## WHAT YOU WILL DO
A word-for-word printout of the whole listing is needed.

## EXERCISE DATA
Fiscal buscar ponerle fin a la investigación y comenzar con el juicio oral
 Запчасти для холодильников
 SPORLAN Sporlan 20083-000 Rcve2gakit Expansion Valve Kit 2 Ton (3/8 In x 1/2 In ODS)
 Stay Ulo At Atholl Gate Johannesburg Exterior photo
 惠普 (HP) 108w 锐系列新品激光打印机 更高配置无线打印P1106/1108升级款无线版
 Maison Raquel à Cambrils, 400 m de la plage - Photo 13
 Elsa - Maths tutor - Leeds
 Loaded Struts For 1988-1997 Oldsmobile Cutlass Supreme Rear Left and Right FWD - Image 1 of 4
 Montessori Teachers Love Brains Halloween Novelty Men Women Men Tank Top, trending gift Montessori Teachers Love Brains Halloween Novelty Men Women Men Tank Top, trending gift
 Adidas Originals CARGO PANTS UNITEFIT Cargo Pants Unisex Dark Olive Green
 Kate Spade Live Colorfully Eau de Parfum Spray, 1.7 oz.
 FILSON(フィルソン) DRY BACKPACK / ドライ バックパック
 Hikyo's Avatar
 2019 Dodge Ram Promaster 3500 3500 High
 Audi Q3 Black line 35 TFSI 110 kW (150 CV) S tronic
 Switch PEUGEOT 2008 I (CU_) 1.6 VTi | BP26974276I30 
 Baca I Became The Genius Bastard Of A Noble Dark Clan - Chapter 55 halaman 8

## ANSWER TO THE PROBLEM
Fiscal buscar ponerle fin a la investigación y comenzar con el juicio oral
 Запчасти для холодильников
 SPORLAN Sporlan 20083-000 Rcve2gakit Expansion Valve Kit 2 Ton (3/8 In x 1/2 In ODS)
 Stay Ulo At Atholl Gate Johannesburg Exterior photo
 惠普 (HP) 108w 锐系列新品激光打印机 更高配置无线打印P1106/1108升级款无线版
 Maison Raquel à Cambrils, 400 m de la plage - Photo 13
 Elsa - Maths tutor - Leeds
 Loaded Struts For 1988-1997 Oldsmobile Cutlass Supreme Rear Left and Right FWD - Image 1 of 4
 Montessori Teachers Love Brains Halloween Novelty Men Women Men Tank Top, trending gift Montessori Teachers Love Brains Halloween Novelty Men Women Men Tank Top, trending gift
 Adidas Originals CARGO PANTS UNITEFIT Cargo Pants Unisex Dark Olive Green
 Kate Spade Live Colorfully Eau de Parfum Spray, 1.7 oz.
 FILSON(フィルソン) DRY BACKPACK / ドライ バックパック
 Hikyo's Avatar
 2019 Dodge Ram Promaster 3500 3500 High
 Audi Q3 Black line 35 TFSI 110 kW (150 CV) S tronic
 Switch PEUGEOT 2008 I (CU_) 1.6 VTi | BP26974276I30 
 Baca I Became The Genius Bastard Of A Noble Dark Clan - Chapter 55 halaman 8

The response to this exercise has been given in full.